The 50-thread ceiling heuristic. Outside of a thread pool, MySQL’s default model struggles past roughly 50 concurrently running threads. This is an operational ceiling, not a rigid limit. It predates modern NUMA hardware and faster mutex implementations, but contention simply shifts from table open cache locks to transaction system and buffer pool hashes. If your baseline Threads_running approaches this value during normal peak, you are already in the danger zone.

Ignoring the gap. The difference between Threads_connected and Threads_running is a diagnostic signal. A widening gap with low running threads points to pool leaks. A collapsing gap where both rise together points to query pile-up. Monitor the gap as a derived ratio or visually on the same chart.

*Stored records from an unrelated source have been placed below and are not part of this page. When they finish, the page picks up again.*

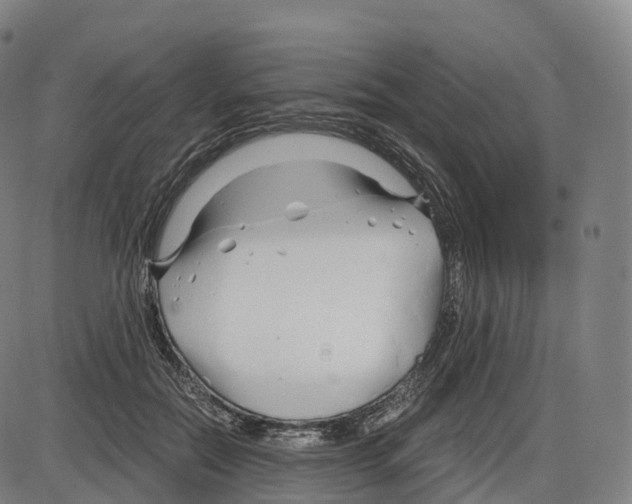 X0000083980554200703161600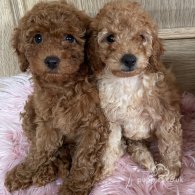 Miniature Poodle - Both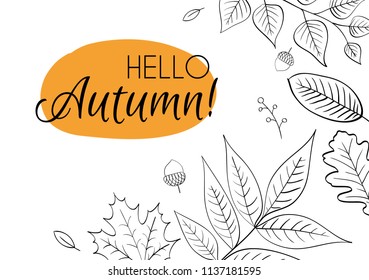Hello autumn! Hand drawn different colored autumn leaves. Sketch, design elements. Vector illustration.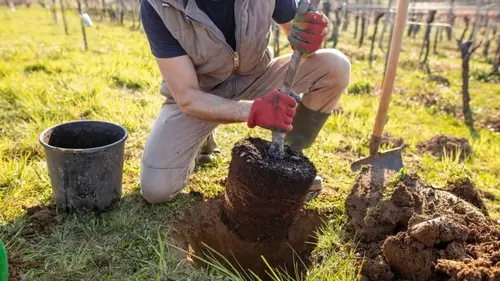 Когда и какие деревья лучше сажать весной: как это правильно делать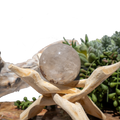 Clear Quartz with Sun Healer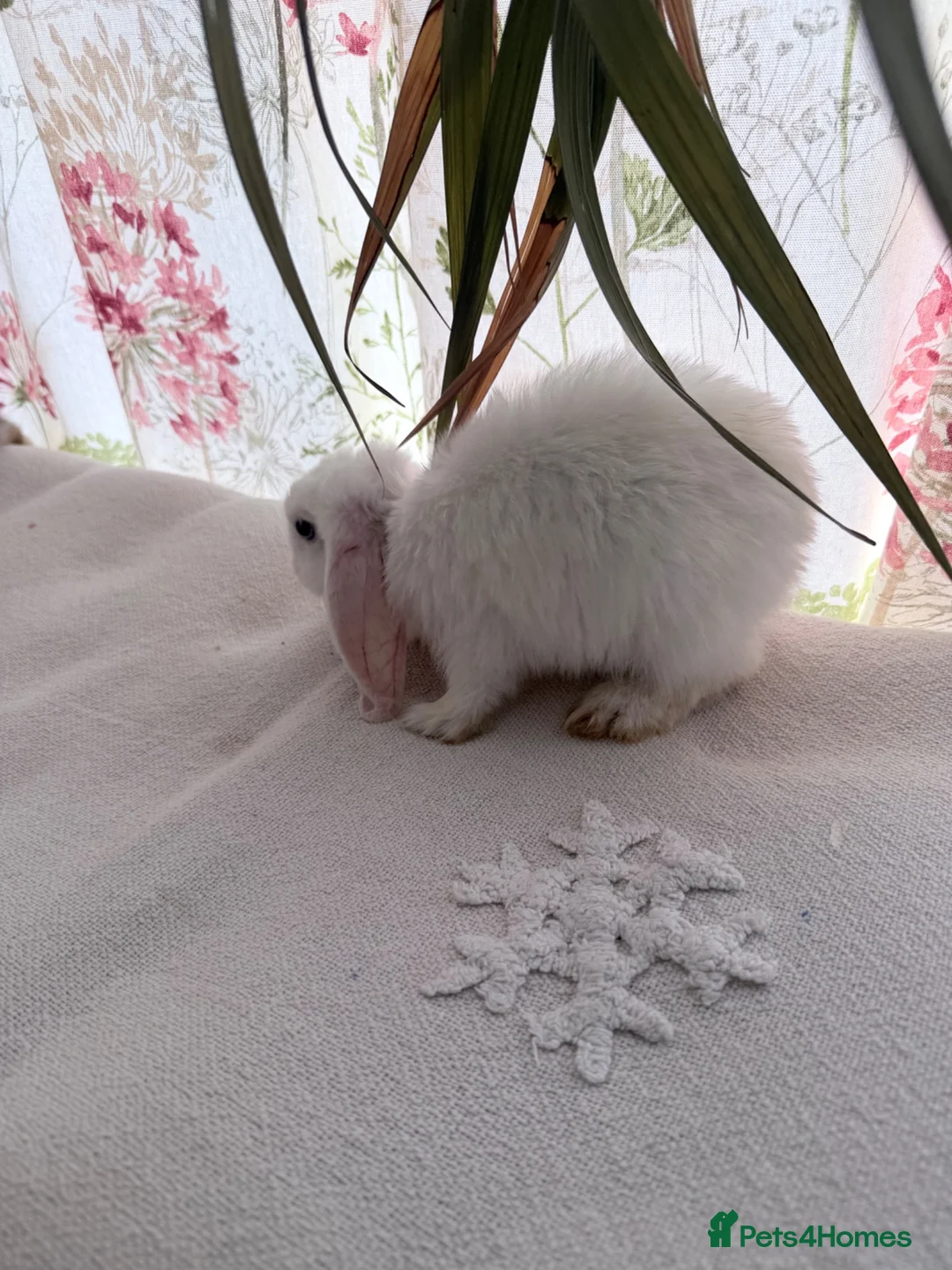 Mixed Breed rabbits for sale: Friendly 11-Week-Old Girl Bunnies - Advert 1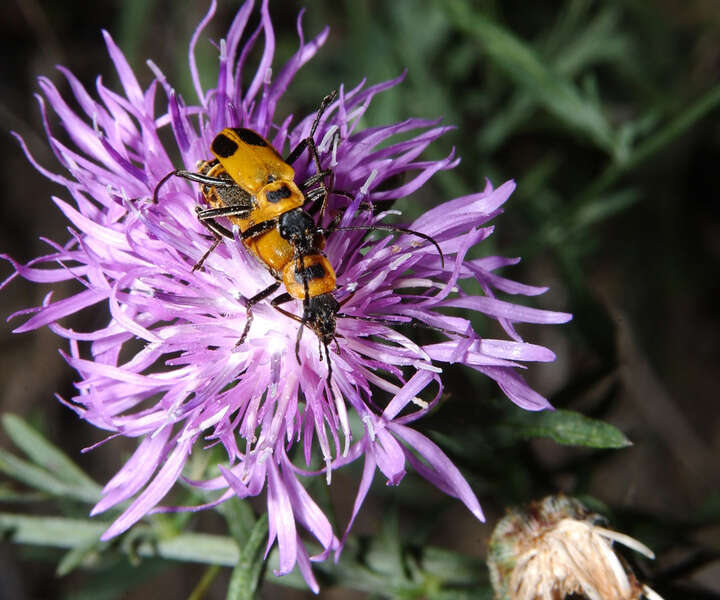 Image of soldier beetle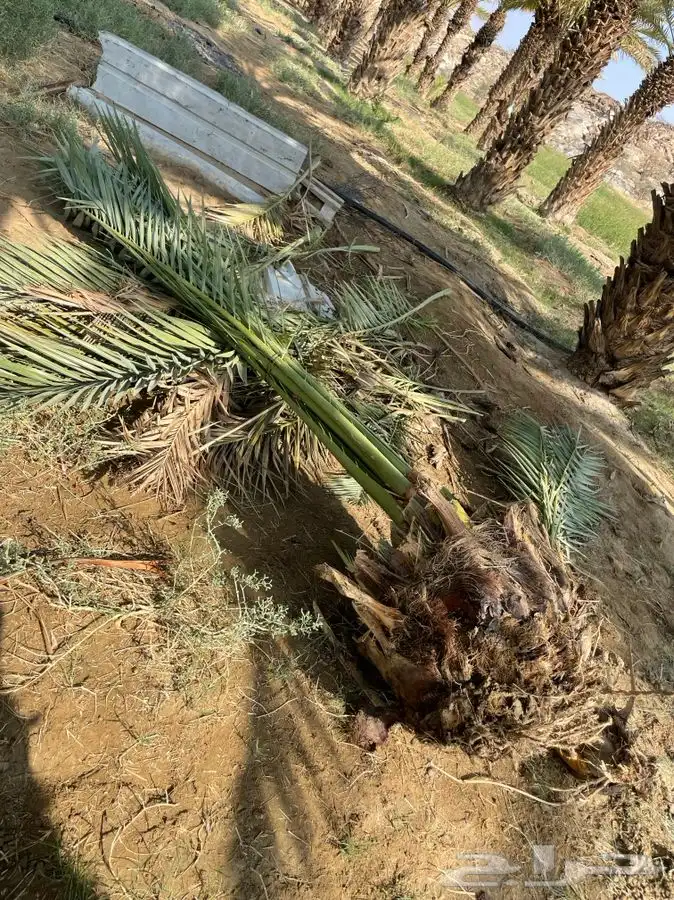 قلايع خلاص 1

Signals to watch in production

SignalWhy it mattersWarning sign
Threads_running / CPU coresMeasures actual concurrent execution load against hardware parallelism.Sustained above 2x cores (plan), above 4x cores (ticket).
Threads_connected / max_connectionsMeasures connection slot occupancy and headroom before rejection.Above 0.80 sustained for 10 minutes (ticket); above 0.95 with active rejections (page).
Threads_running vs Threads_connected gapDiagnoses whether high connection count is idle or active.High connected with low running suggests pool leak or idle accumulation.
Connection_errors_max_connectionsConfirms that new connections are actually being refused.Any sustained nonzero rate combined with high connected ratio.
Questions rateConfirms whether throughput is collapsing despite high concurrency.Drop > 50 percent from baseline while Threads_connected remains stable.
Innodb_row_lock_current_waitsDistinguishes lock contention from CPU saturation when Threads_running is high.> 0 sustained with rising Threads_running and dropping Questions.

How Netdata helps

Correlating Threads_running, CPU utilization, and disk I/O latency on the same chart exposes whether high concurrency is CPU-bound or I/O-bound. Per-second resolution catches Threads_running spikes that minute-level aggregations smooth over, especially during checkpoint stalls or lock contention bursts. A composite line showing the connected-to-running ratio makes idle pool leaks obvious without mental math. Plotting Questions alongside Threads_running highlights queuing: throughput drops while active threads pile up.